The doctor took his sister’s arm, and the two of them went off toward the med bay, Simon’s voice gradually climbing in both pitch and volume. Zoë shrugged and tuned them out.
She made her way directly up the stairs, past the bunks and up to the bridge, heavier by two pistols, which she set down in the co-pilot’s chair.
“Wash!”
He didn’t turn around. “Hey, baby. Come look upon the empty shell that was once your big, powerful love machine. It’s been pretty ugly up here.”
“You’re all right?”
“Depends what you mean by all right. When this is over, I’m going to sleep for three weeks.”
“But you made it? We’re in a stable orbit?”
“You’d have had a fun time docking the shuttle if we’d still been bouncing around.”
“Yeah, did you know River was going to take the shuttle?”
“Not exactly. She asked if she could look at the LS-Seven manual, and half an hour later—”
“Yeah. The Captain almost had a coronary when it landed, and she stepped out.”
“She’s scary.”
“That she is.”
“Well, I’m glad you’re back.”
“With company.”
“Oh?”
“We brought a fed with us.”
“A fed? On the ship?”
“It’s a long story.”
“Where is he?”
“The Captain put him in Book’s old room, and asked him to stay there until we figure things out.”
“Oh. Are we ever going to figure things out?”
“Unlikely. How are things here?”
“Kaylee is trying to get us in shape to fly. Or at least limp to somewhere we can get fixed up. She’s outside now, working on a patch. We—”

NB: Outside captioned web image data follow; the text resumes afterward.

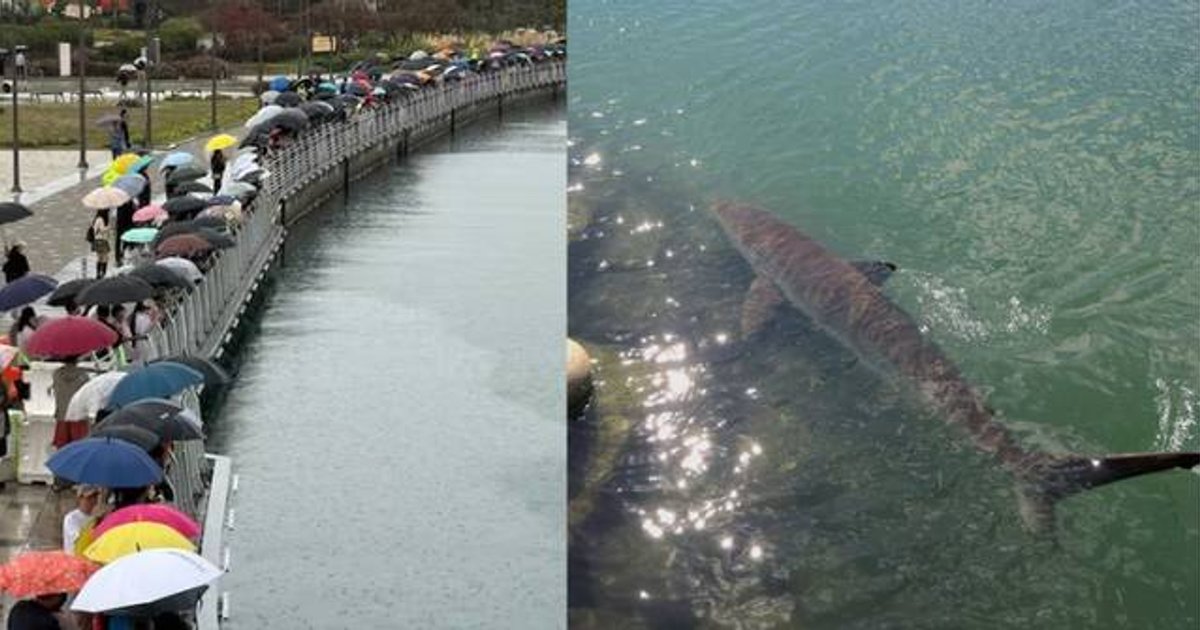 3.5-Meter Shark Attracts 560,000 Visitors to Busan Waterfront Despite Warnings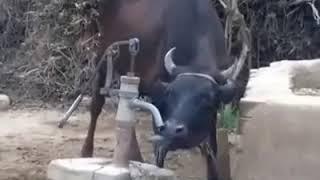 Малдын суу ичкени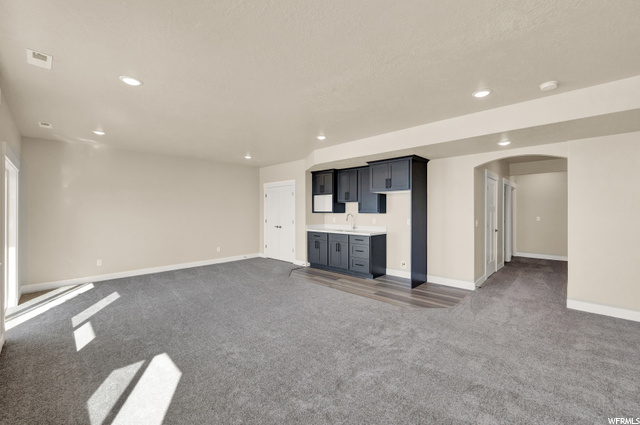 Downstairs Family Room w/Kitchenette
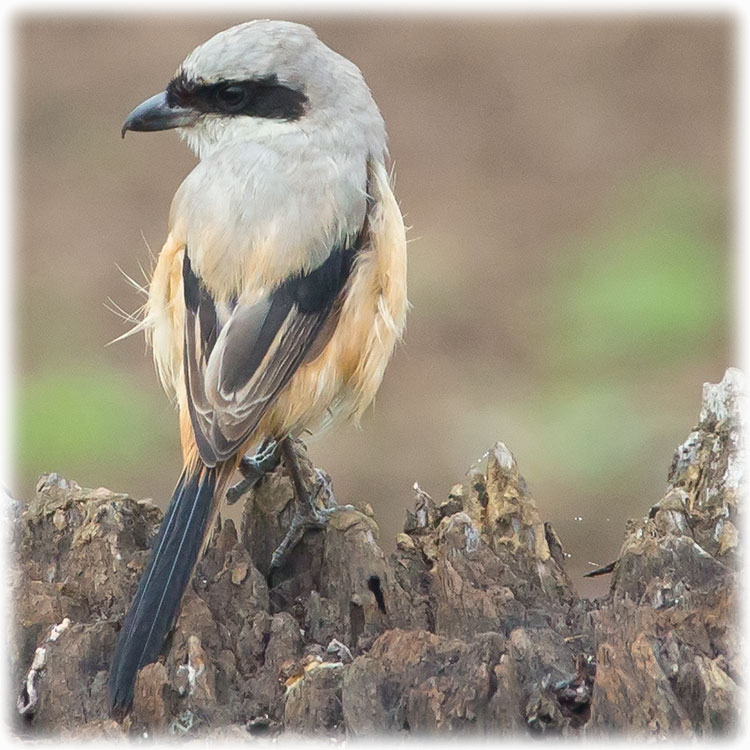 Long-tailed Shrike, Lanius schach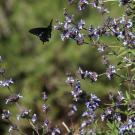 Image of pipevine swallowtail butterfly on a salvia.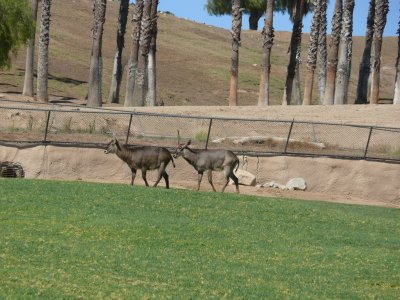 Waterbuck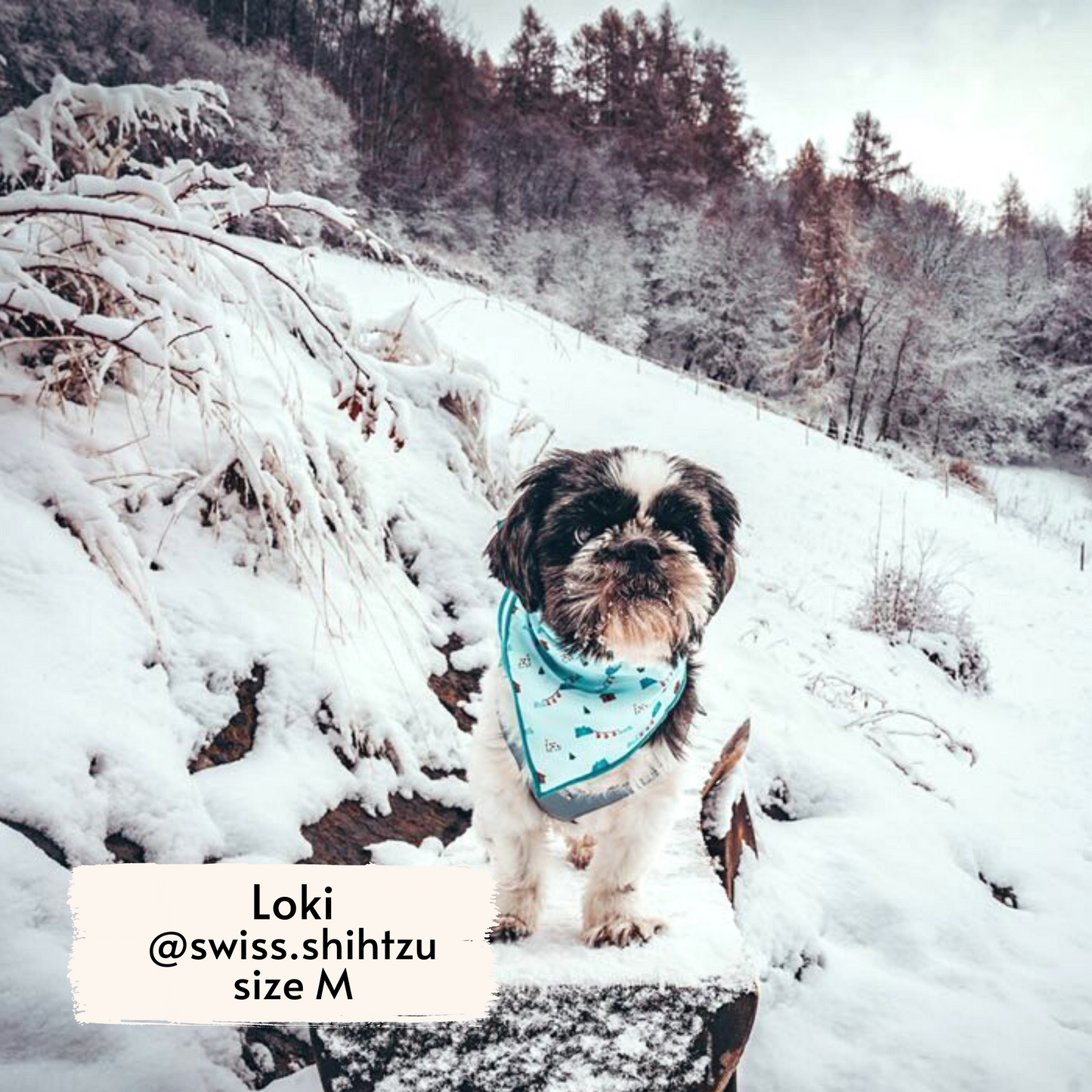 Pata Paw Les Alpes bandana as seen on a medium-sized dog, Loki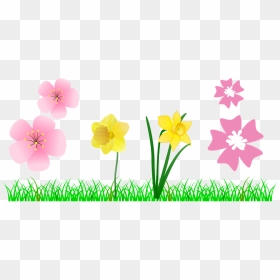 Daffodil Clip Art, HD Png Download - grass flower png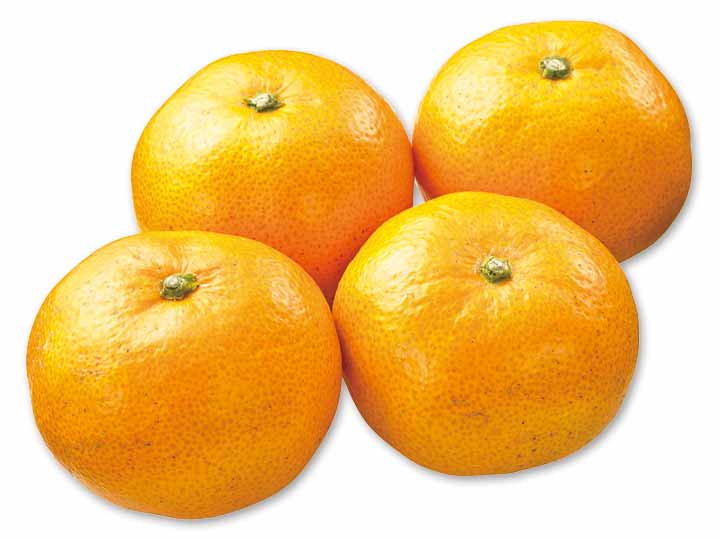 愛媛・無茶々園の温州みかん　400G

He frowned at something, muttered, and flipped a couple of switches. For the next several seconds, she could see him fighting with the ship in a way she’d never seen before; some of the jerkiness of the movements penetrated the inertia field, and Zoë had to shift her feet to keep her balance. Then he nodded, scowled, shut things down again, and continued with what he’d been saying as if there had been no interruption. “The engine room is sealed off, so she’s trying to work in a suit. Can’t be fun. And I haven’t quite figured out why we didn’t just get away from this world when we could have.”
“It’s complicated,” said Zoë. Wash started to say something, and she had the sudden feeling that this was going to go somewhere she didn’t like; somewhere involving the Captain, and explanations, and loyalty. “Also, Jayne came back with us,” she said.

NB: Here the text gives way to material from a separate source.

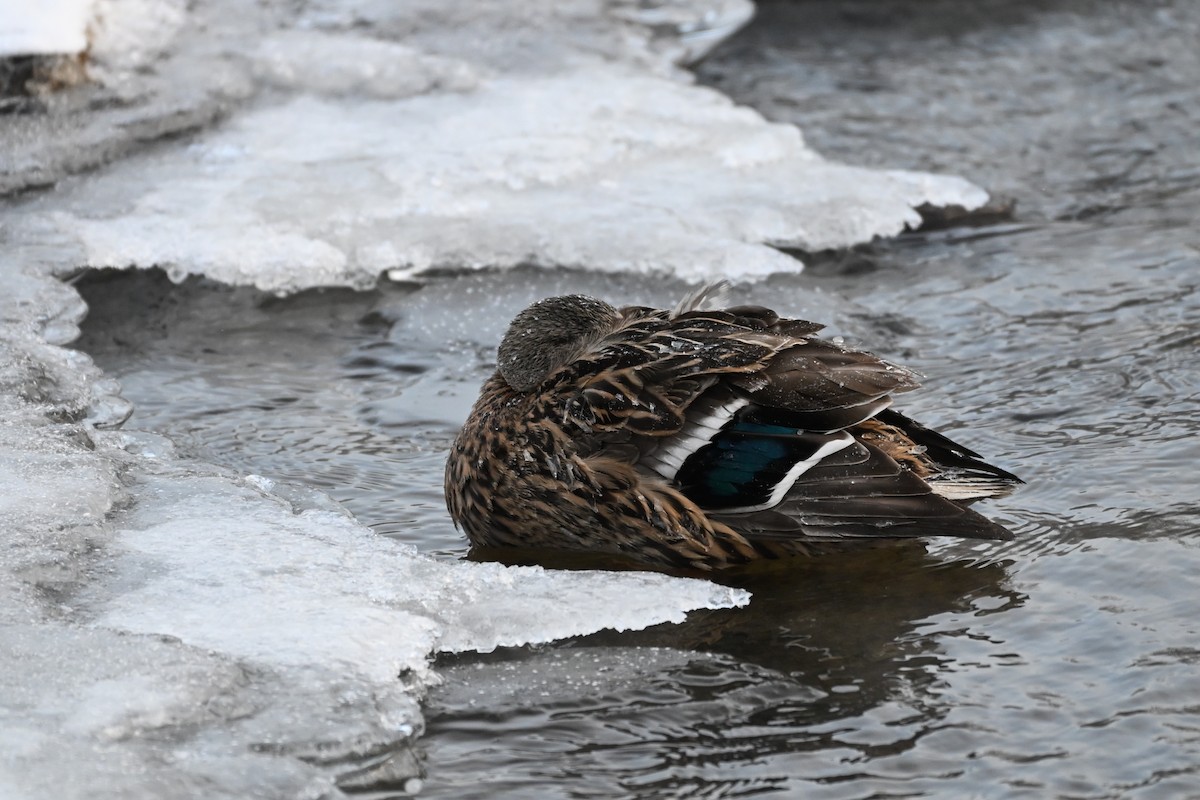 Mallard - ML646636154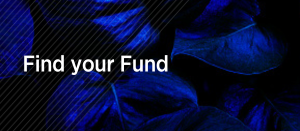 BVI Funds eTool - Find your Fund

It worked. “He’s back on the crew?” he asked.
“No. At least, not yet. But he’s on the ship, anyway. Not sure where it goes from there.”
“Straight down,” said Wash.
Zoë nodded. “That much is pretty certain,” she said.
It really was hard to work in a pressure suit.
It wasn’t just the loss of manual dexterity, or mobility; it was that there was the sense that she couldn’t actually touch Serenity. It was surprising how much she learned just from contact; feeling the rhythm of her engine, the constant little adjustments of the artificial gravity, the re-balancing of the inertia guide.
And now she was without it, and Serenity was hurt; hurt worse than Kaylee had ever seen. To say, “structural damage” just didn’t express it. There was a hole in Serenity. The black was inside her, when she existed to keep the black out there. Her heart beat as smooth as ever, and life-support still worked, and, after a bit of work, she had inertial thrust.
But she wasn’t supposed to be rigged that way, like a guy trying to walk on one foot and one hand while eating through his nose. She could do it for a while, but she didn’t much like it, and pretty soon now she’d just quit.